Evaluate your present job. Ask yourself the following questions.
Do you have a high enough level position so that you are well compensated as far as salary and bonus are concerned. I have found that compensation below a VP level drops off sharply. Director is okay (we all can’t be VP’s) but you may have to do 3-4 “good” director jobs to make what you do in one VP job.
Are you banking (saving) money. This includes personal savings and 401K.
Have you received stock shares in a significant amount. Significant for the purpose of this exercise equals at least a million dollars. The million is calculated on the difference between potential sale price and your strike price. For example if you were granted 100,000 shares and your strike price was $2 and the potential or real price is $12 then you have a million dollar play.
12 – 2 = 10 x 100,000 = 1 million dollars. You can do the math. if you were granted 30,000 shares then you had better hope the stock goes to $33.33 to make your million.
Yeah you are going to have pay taxes on the proceeds but that is another story.
Is the company viable? Usually to get a significant amount of stock the company will have to be private on the way to an IPO or sale. Once a company matures, employees below the executive level just don’t get that much stock. That qualifies it as a job-job. In any case take a hard look at the company business model and prospects to evaluate the chances of success which is usually one of two exit strategies. Either go public (IPO) or the company gets sold.
In other words, know the exit strategy. Evaluate the reality of that strategy.
In the 1990′s it seemed every company was going public. Now after the bust of 2001-02 and the hard landing of 2008, less and less companies are going public and more and being sold. Instead of stock getting an “X” factor of 2-4 times the number of shares you were granted, it often goes the other way. You get 100,000 shares and before you go public you end up with 10,000 after a reverse split. Someone once told me that if you can’t figure anything else out then know this. The number of shares is the second most important factor is gaining wealth. The price of your shares is number one. But barely.

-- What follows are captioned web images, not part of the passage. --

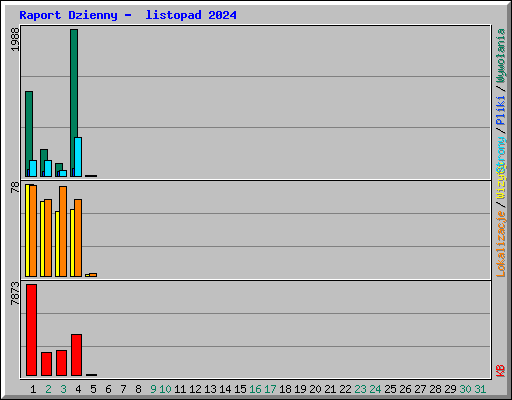 Raport Dzienny -  listopad 2024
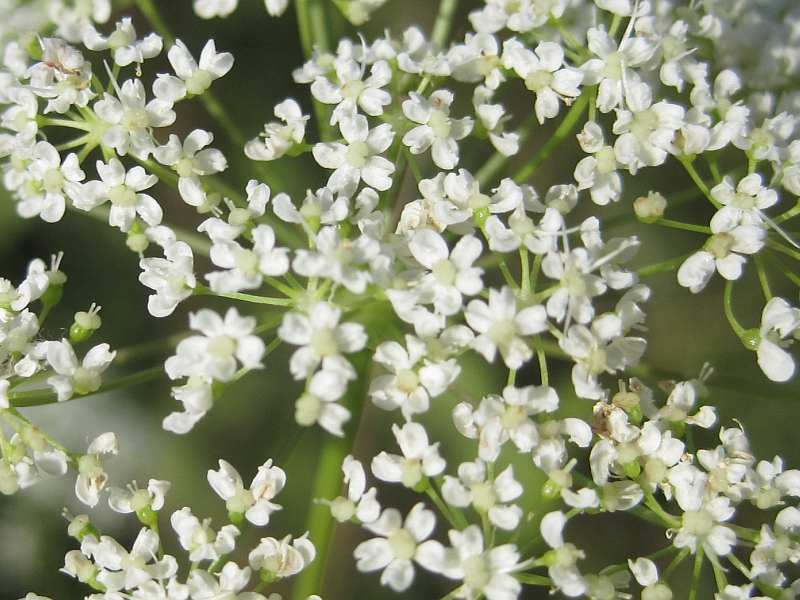 Image of Pimpinella saxifraga specimen.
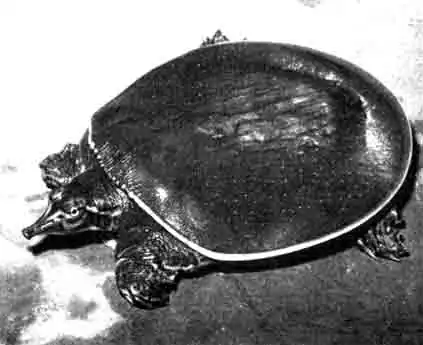 Восточный колючий трионикс (Trionyx spiniferus). Окраска этолй мягкотелой черепахи с возрастом темнеет, а узор почти полностью исчезает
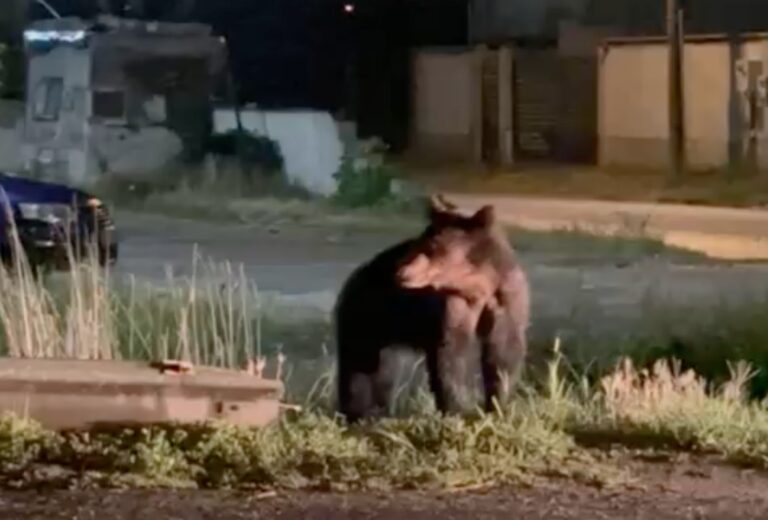 Legea care permite impuscare unuia numar mai mare de ursi sustinuta la Sibiu Primarul din Avrig Relocarea nu era o solutie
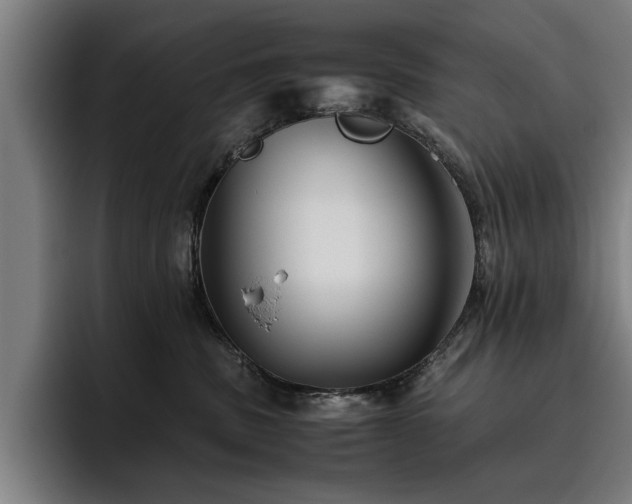 X0000093460379200710121411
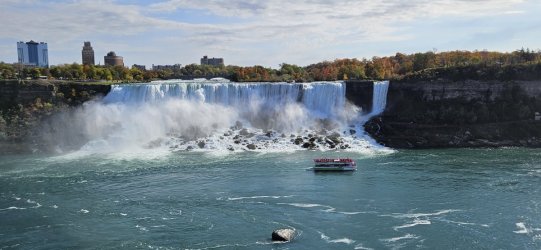 20231024_120317.jpg 20231024_120317.jpg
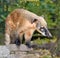Ð¡oati, genera Nasua and Nasuella, also known as the coatimundi is a member of the raccoon family native America.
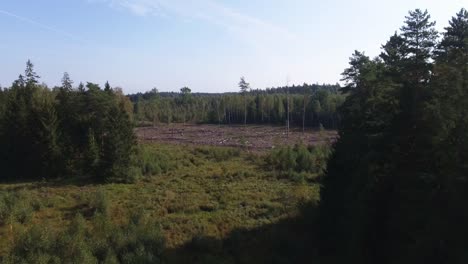 Felled-Cut-Out-Area-in-the-Coniferous-Forest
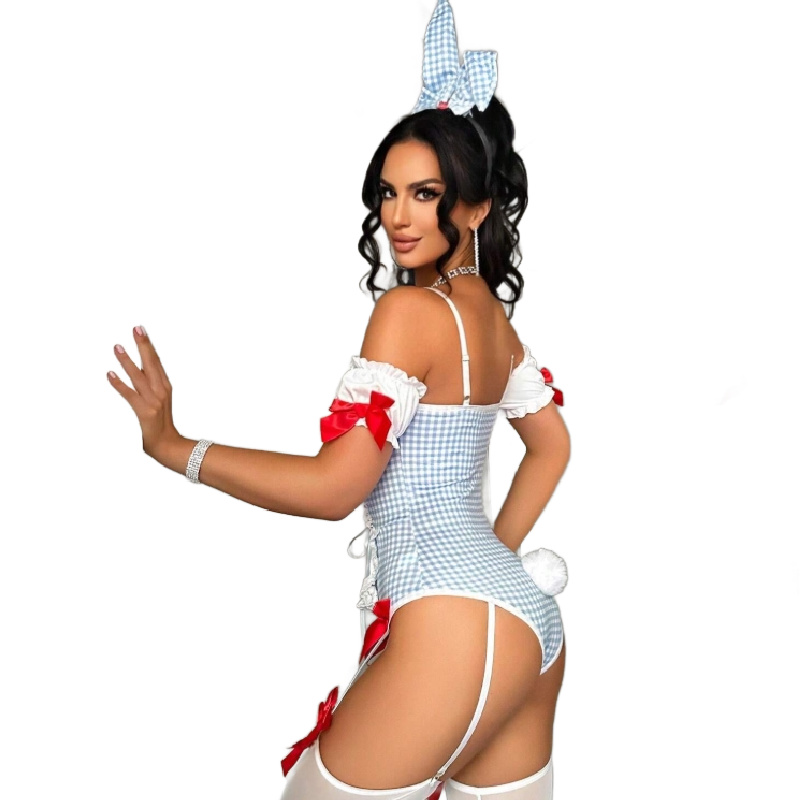 Blue Gingham Bunny Costume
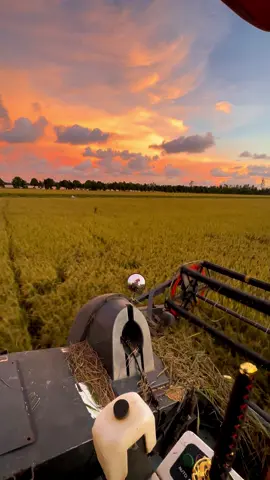 Thương số phận em cô gái quê 😊#xuhuongtiktok #xuhuong #utkhothapmuoi #2008 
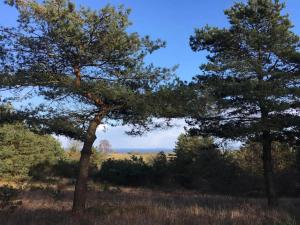 6 persons tranquil cottage in Knebel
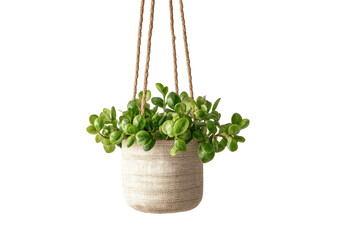 Potted plant hanging from brown ropes with green leaves against a black background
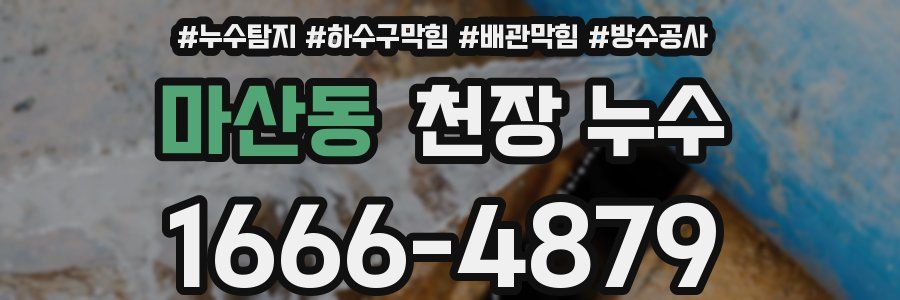 마산동 천장 누수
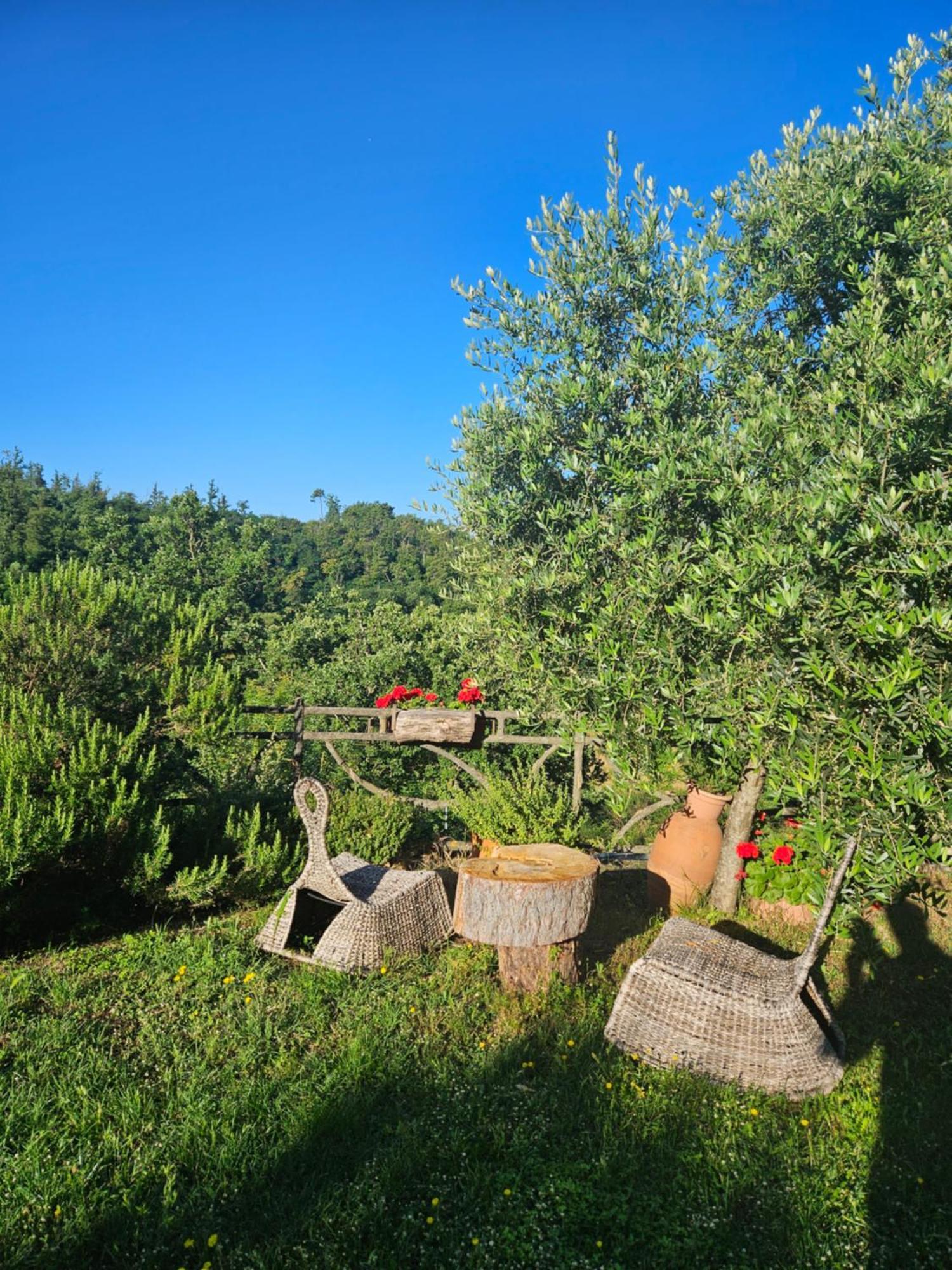 San Martino Country Villa B&B باربيرينو دي موجيلو المظهر الخارجي الصورة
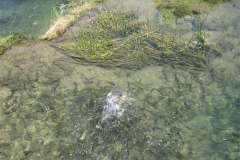 IMG_2029-01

2. If you don’t have enough equity then go someplace else.
One friend complains about his job all the time. He is under-appreciated. He is low balled on stock. They haven’t made him a VP yet even though other people in the company have told him that he should be the VP. Well, everyone but the CEO who in reality is all that matter. I think he is still a manager. Then they promote him but he is still a manager. Then they give him more responsibility but he is still a manager.
I would have been gone a long time ago. But then it takes very little for me to leave.
Reminds me of the infamous grade 12 (highest level of manager) in Finance at Sun Microsystems. Managers would reach that level and often stay there for years with the director title being dangled just out of reach. But it was the carrot that kept alive the hope that one day the manager would indeed become the director.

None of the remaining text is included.